What is required: All of the lines below need to be copied exactly, apart from the pictures.

Captioned web image data:
- Opening Delimiter -

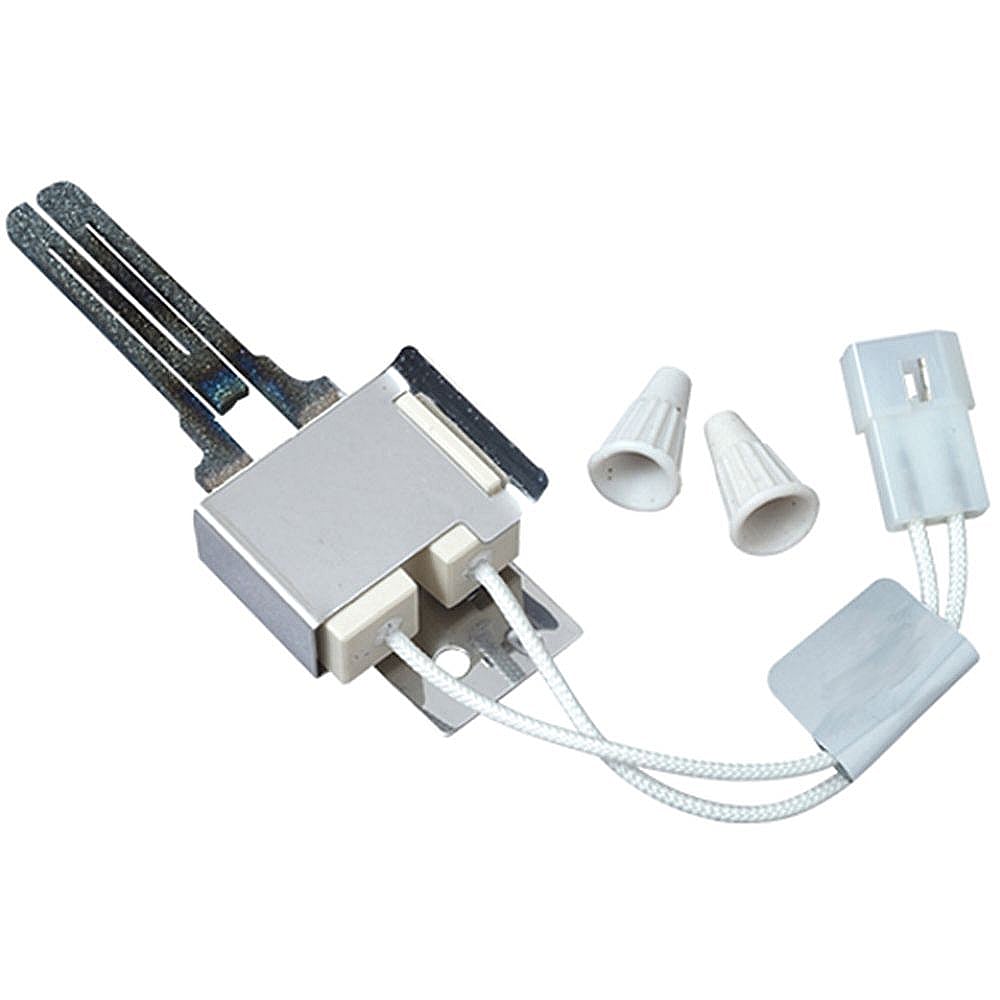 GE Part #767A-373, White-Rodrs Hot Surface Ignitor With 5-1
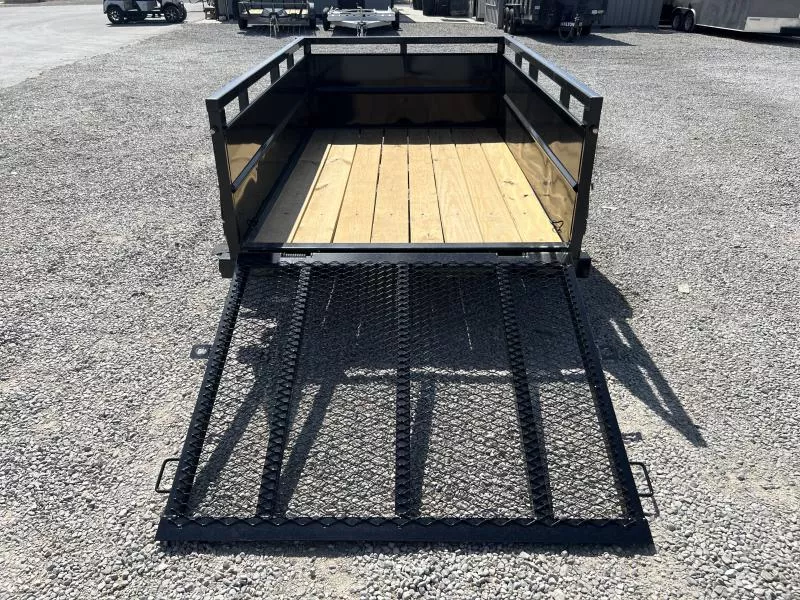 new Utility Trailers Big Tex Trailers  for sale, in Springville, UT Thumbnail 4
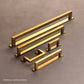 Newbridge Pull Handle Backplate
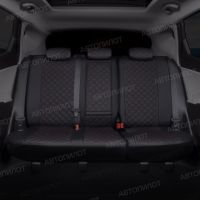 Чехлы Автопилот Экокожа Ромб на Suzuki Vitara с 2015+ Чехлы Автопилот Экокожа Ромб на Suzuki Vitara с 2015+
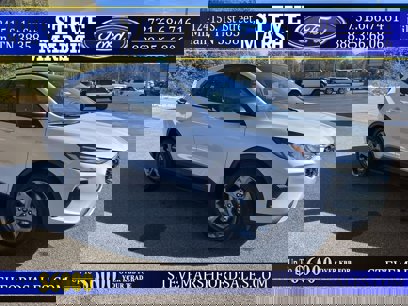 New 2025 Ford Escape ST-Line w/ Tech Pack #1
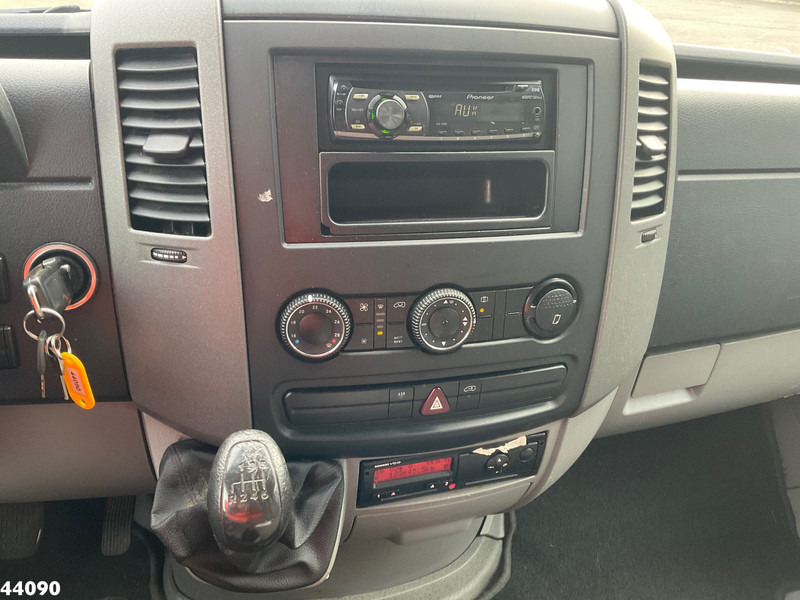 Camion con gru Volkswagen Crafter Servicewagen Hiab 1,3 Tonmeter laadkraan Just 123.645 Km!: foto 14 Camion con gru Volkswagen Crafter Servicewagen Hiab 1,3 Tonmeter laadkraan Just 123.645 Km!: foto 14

- Closing Delimiter -

Reply to the task:
 GE Part #767A-373, White-Rodrs Hot Surface Ignitor With 5-1
 new Utility Trailers Big Tex Trailers  for sale, in Springville, UT Thumbnail 4
 Newbridge Pull Handle Backplate
 Чехлы Автопилот Экокожа Ромб на Suzuki Vitara с 2015+ Чехлы Автопилот Экокожа Ромб на Suzuki Vitara с 2015+
 New 2025 Ford Escape ST-Line w/ Tech Pack #1
 Camion con gru Volkswagen Crafter Servicewagen Hiab 1,3 Tonmeter laadkraan Just 123.645 Km!: foto 14 Camion con gru Volkswagen Crafter Servicewagen Hiab 1,3 Tonmeter laadkraan Just 123.645 Km!: foto 14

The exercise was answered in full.